◆ DIRECTIONS FOR THIS TASK
From the material below, set down exactly the lines that run from the one containing "The infant is" to the one containing "So this is the", minus the pictures.

◆ THE DATA
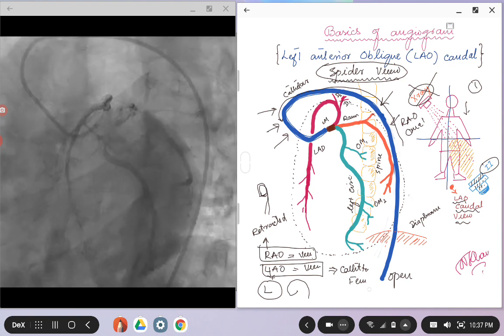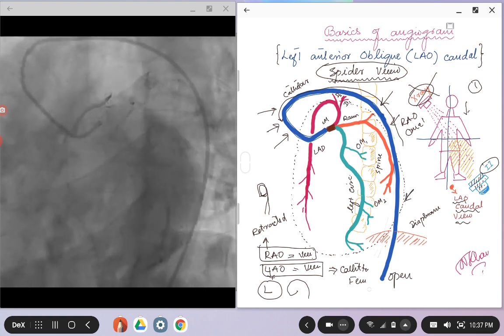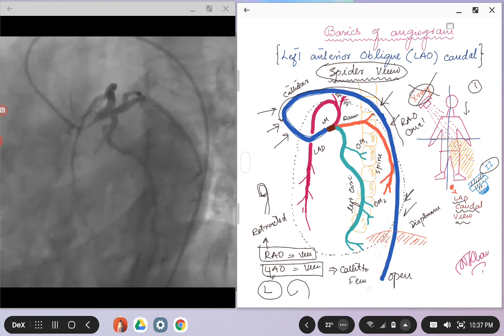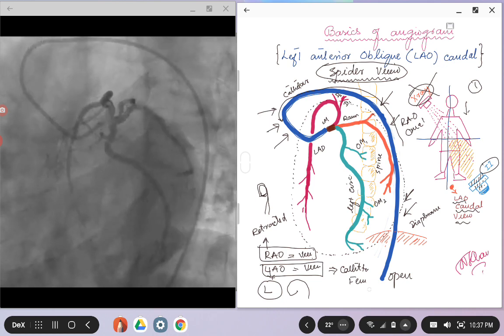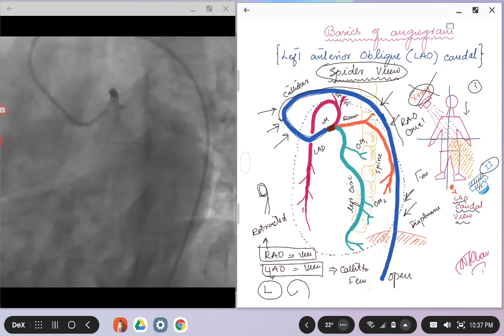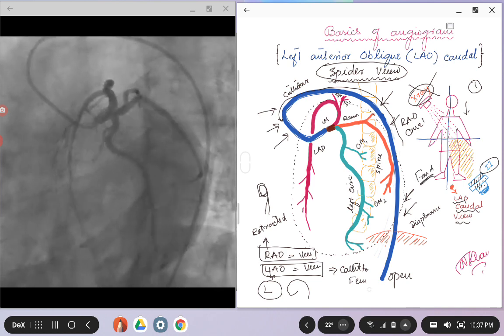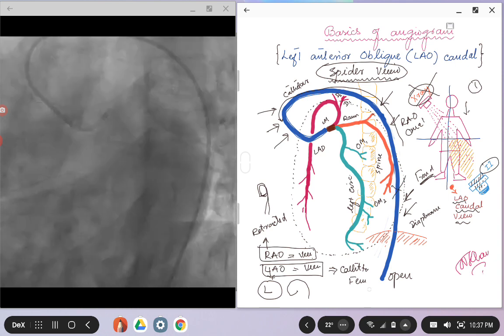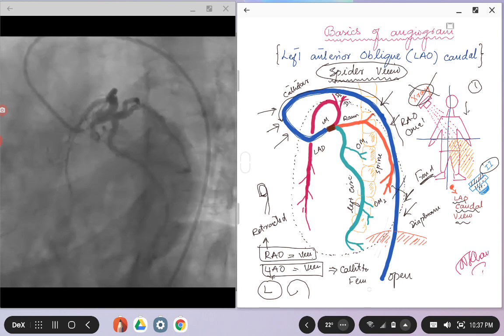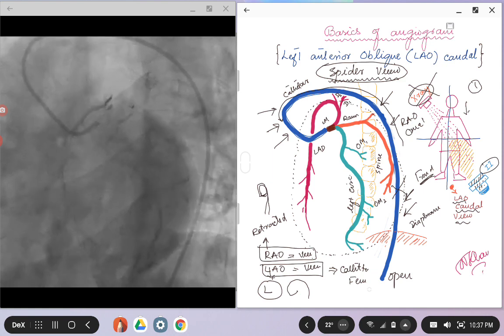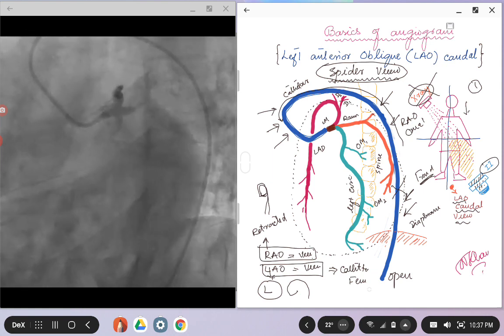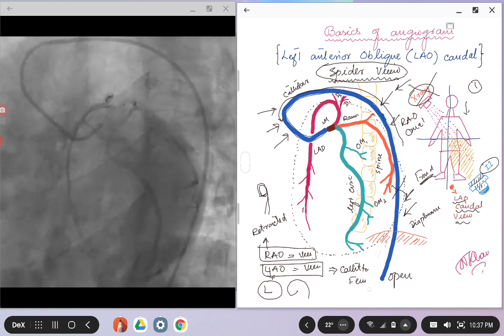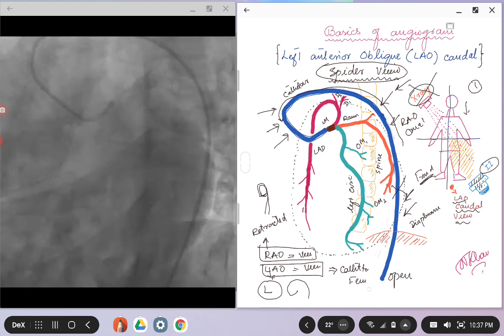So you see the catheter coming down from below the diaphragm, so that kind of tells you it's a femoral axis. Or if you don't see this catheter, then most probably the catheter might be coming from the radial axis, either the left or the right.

* * *

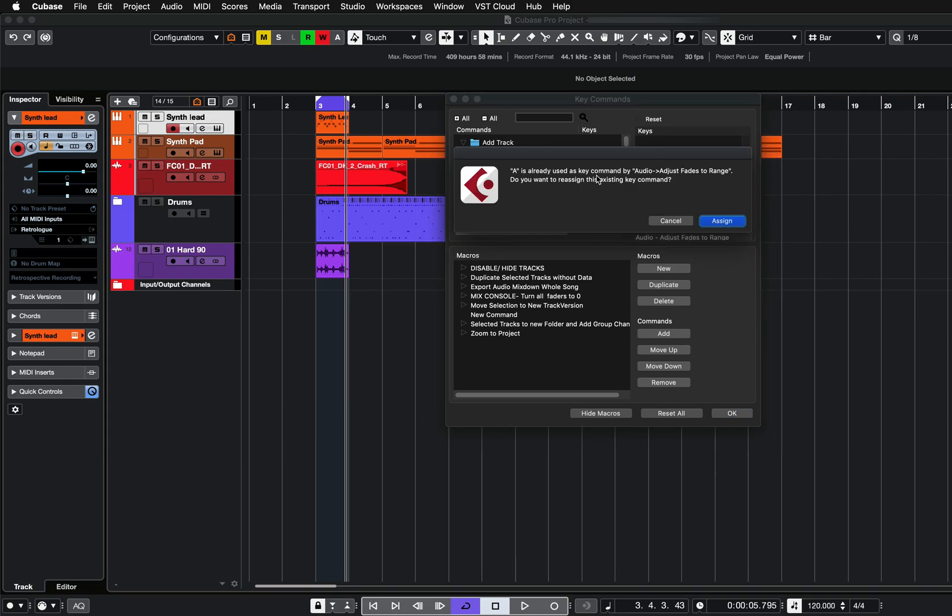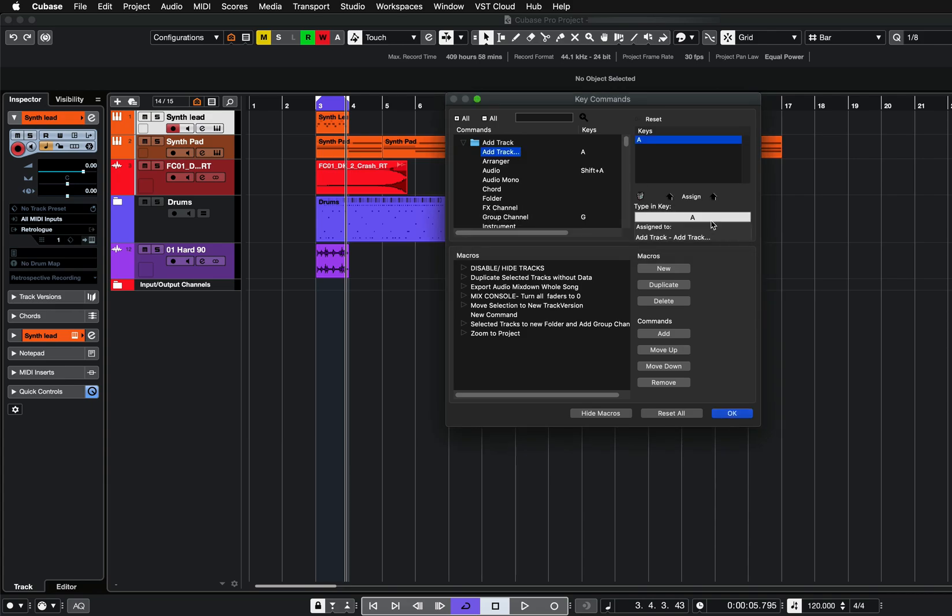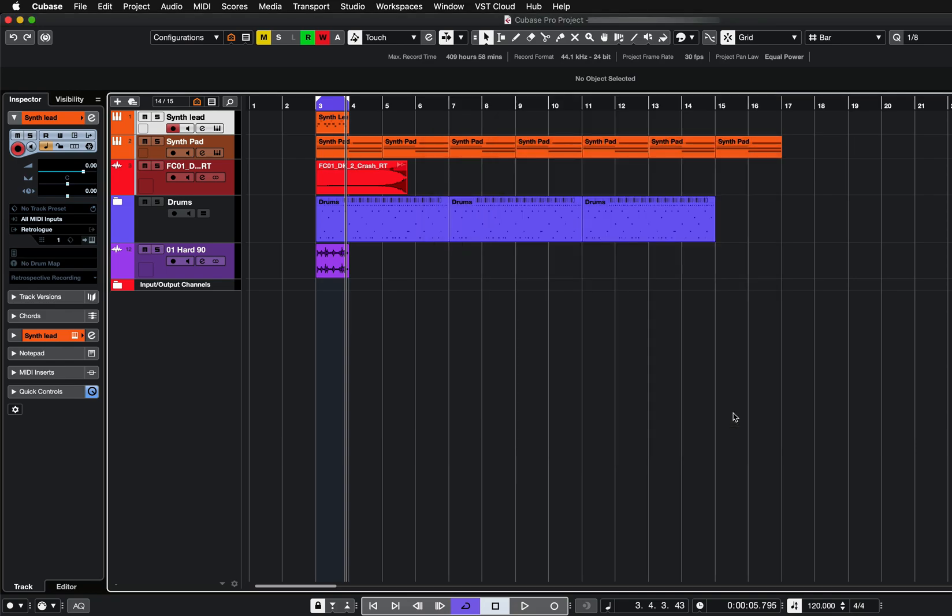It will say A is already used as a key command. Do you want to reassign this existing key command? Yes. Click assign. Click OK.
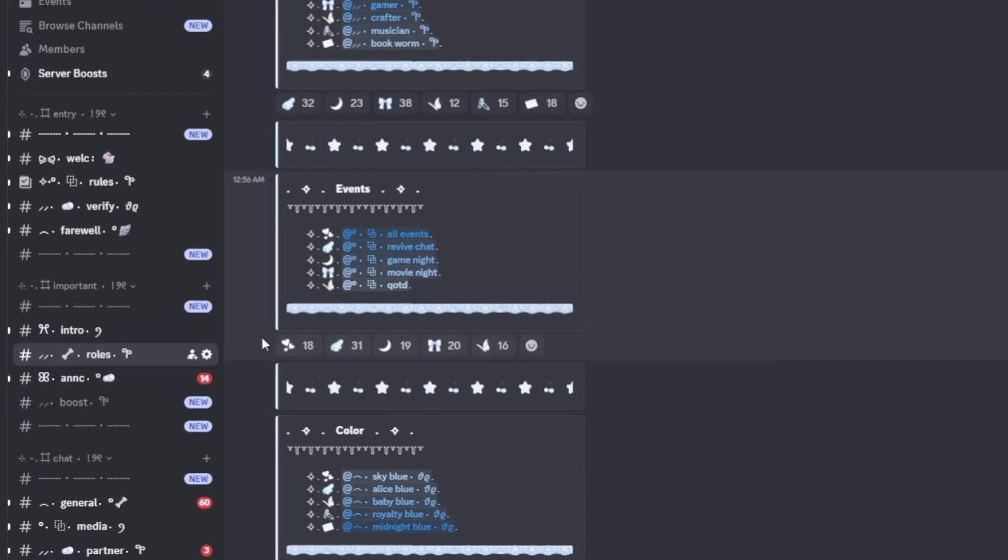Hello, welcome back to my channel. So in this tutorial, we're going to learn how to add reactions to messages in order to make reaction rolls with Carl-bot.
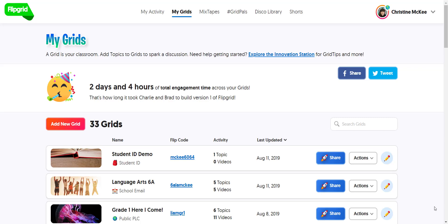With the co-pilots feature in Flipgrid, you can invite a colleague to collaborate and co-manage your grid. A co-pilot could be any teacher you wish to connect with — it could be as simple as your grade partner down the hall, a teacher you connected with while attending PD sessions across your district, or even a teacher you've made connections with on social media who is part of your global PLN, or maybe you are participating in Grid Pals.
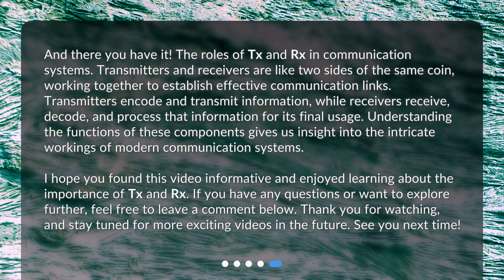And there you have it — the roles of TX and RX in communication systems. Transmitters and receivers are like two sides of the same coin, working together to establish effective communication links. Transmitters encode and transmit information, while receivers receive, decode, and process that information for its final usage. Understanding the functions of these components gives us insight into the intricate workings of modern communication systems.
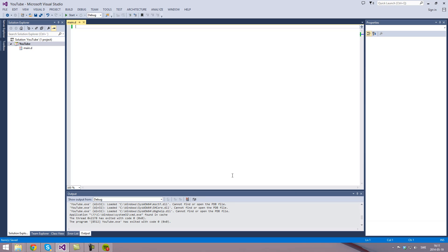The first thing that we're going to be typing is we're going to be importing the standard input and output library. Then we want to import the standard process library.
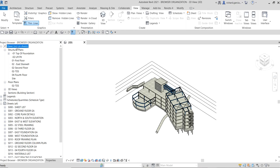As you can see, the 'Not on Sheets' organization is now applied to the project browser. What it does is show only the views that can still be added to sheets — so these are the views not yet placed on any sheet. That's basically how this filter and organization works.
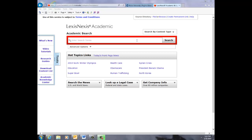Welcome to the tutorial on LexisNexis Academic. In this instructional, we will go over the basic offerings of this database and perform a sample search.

--

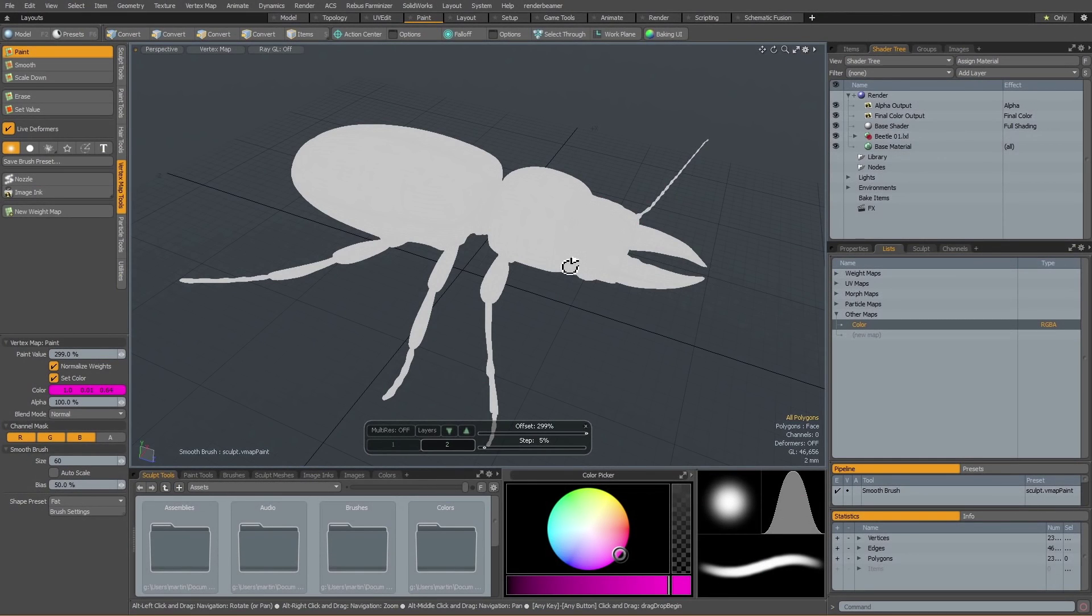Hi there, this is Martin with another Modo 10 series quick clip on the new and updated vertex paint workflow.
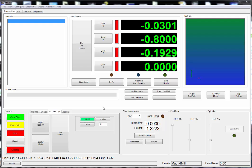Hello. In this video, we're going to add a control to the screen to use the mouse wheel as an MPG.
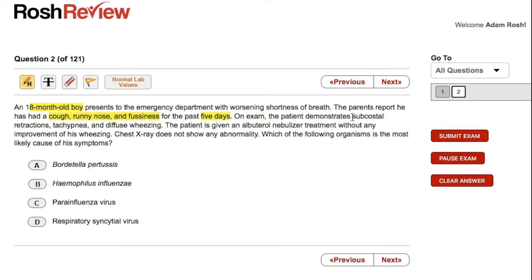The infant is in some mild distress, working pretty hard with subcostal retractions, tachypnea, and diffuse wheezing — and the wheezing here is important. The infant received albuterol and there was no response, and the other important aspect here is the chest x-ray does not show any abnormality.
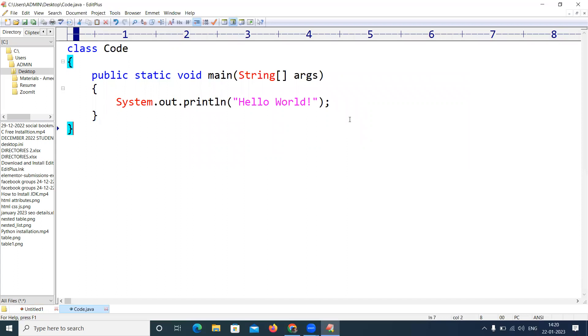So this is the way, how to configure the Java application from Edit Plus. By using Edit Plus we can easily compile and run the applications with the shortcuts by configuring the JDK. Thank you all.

◆ WRITTEN ANSWER
The infant is in some mild distress, working pretty hard with subcostal retractions, tachypnea, and diffuse wheezing — and the wheezing here is important. The infant received albuterol and there was no response, and the other important aspect here is the chest x-ray does not show any abnormality.
So this is the way, how to configure the Java application from Edit Plus. By using Edit Plus we can easily compile and run the applications with the shortcuts by configuring the JDK. Thank you all.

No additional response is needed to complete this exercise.